I don’t always serve these delicious Greek Lamb Shanks with the Sweet Potato Mash, they are equally fabulous with nutty brown rice, creamy mashed potatoes or whatever side you desire.
This could be cooked in the slow cooker for about 6 hours on low, or the pressure cooker for 40-50, minutes until tender.
Prep time:   20 Minutes                
Cooking time:  2 1/2 – 3 Hours                
$  Low Budget

Serves 4

For the Greek Lamb Shanks:

4 French trimmed lamb shanks

2 tbs of extra virgin olive oil

1 large brown onion, finely diced

4 cloves of garlic, finely chopped

8 French eschalots, skinned but left whole (baby brown onions will do)

2 tsp of ground cumin

1 tsp of ground coriander

2 cinnamon sticks

4 pieces of lemon peel

2 bay leaves

1/2 a bottle of decent red wine

1 cup of beef stock

1 x 400gm tin of tomatoes

2 tbs of tomato paste

1 tsp of sugar

Sea salt and pepper

Dill sprigs for garnish

For the Sweet Potatoes:

2 large sweet potatoes, peeled and chopped

1 tbs of butter

1/2 a tsp of cumin

Sea salt and pepper

For the Yoghurt:

1 cup of good quality greek style yoghurt

juice of 1/2 a lemon

2 tbs of finely chopped dill

Sea salt and pepper

Pre heat the oven to 160°C.

To prepare the Greek Lamb Shanks, heat a large, heavy based casserole dish to a high heat and brown the lamb shanks on all sides.  You may need to do this in batches.  Set aside and drain on paper towel.

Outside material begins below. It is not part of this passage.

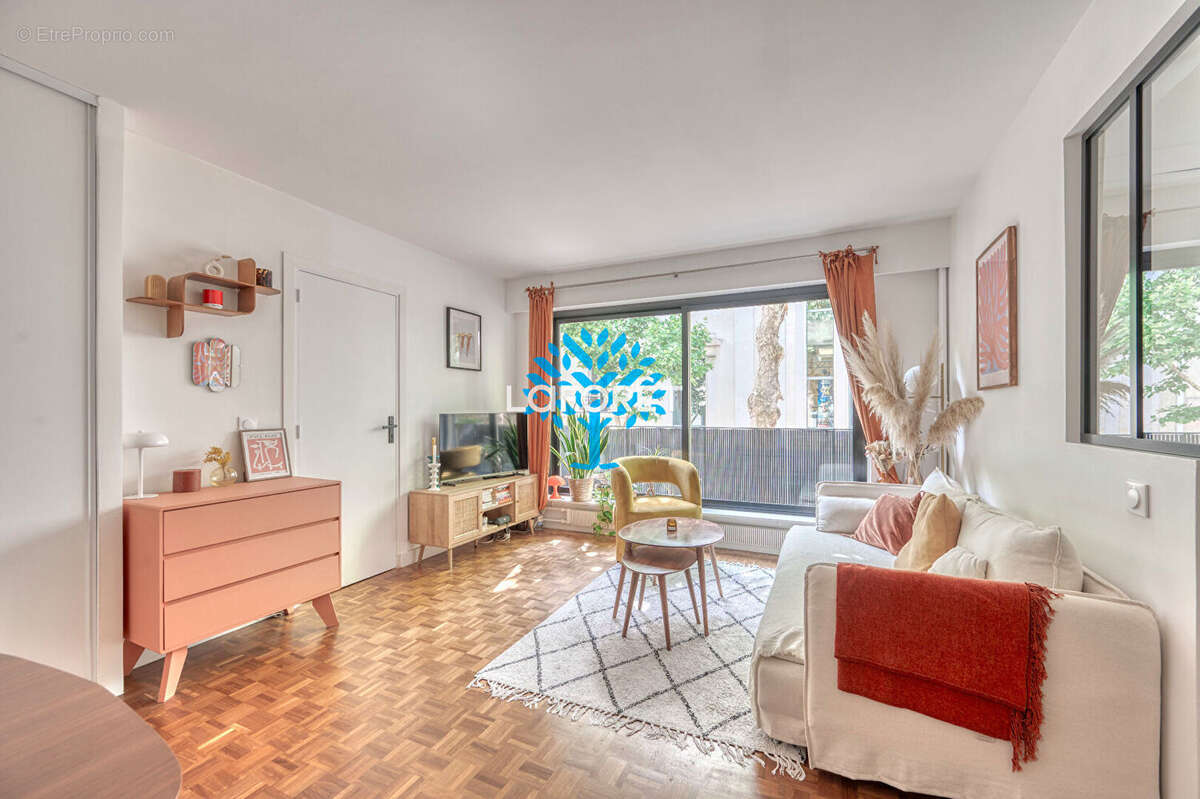 Appartement à NEUILLY-SUR-SEINE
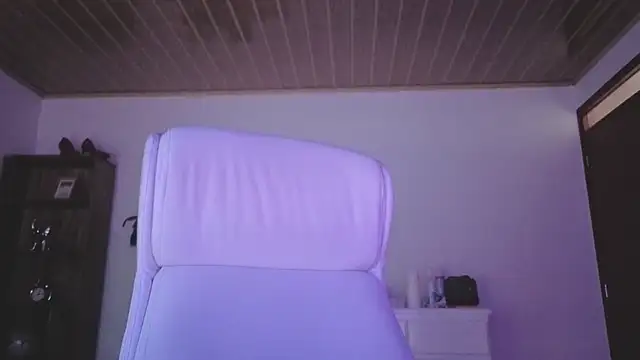 Snapshot of Olivia_seex chatting on 26, 9, 2025 Olivia seex online show from 26, 9, 2025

In the same pan, reduce the heat, add a little more olive oil and lightly fry the onion, eschalots and garlic until the onion is translucent.  Add the spices and fry until fragrant before pouring in the red wine.  Bring to a simmer, pop in the lemon peel, cinnamon sticks and bay leaves and allow to reduce by about half (10 minutes or so).

Once reduced add the tomatoes, beef stock, tomato paste and sugar and stir well to combine.  Have a taste and season with a sprinkle of salt and pepper.  Return the shanks to the pot, cover with a lid and bring to the boil.  Once boiling pop the pot in the oven and bake for 2 – 2 1/2 hours, stirring and re-arranging occasionally and topping up with a little liquid if necessary, either stock or water is fine.

Combine the yoghurt, lemon juice, chopped dill and salt and pepper in a bowl and set aside. Peel two large sweet potatoes, roughly chop and bring them to the boil in a large pot of salted water.  After 20 minutes they should be tender, drain, mash and add a tablespoon of butter, 1/2 a teaspoon of cumin and some salt and pepper.  Give them a good stir to combine.

Divide the sweet potato between 3-4 serving plates and top with a couple of shanks.  Spoon over the sauce making sure everyone gets a couple of the whole eschalots.  Spoon over the yoghurt mix, top with some dill sprigs and serve……

*Suitable for the slow cooker.  Brown the shanks and fry off the onions, eschalots and garlic first and cook on low for 8 hours or high for 6 hours.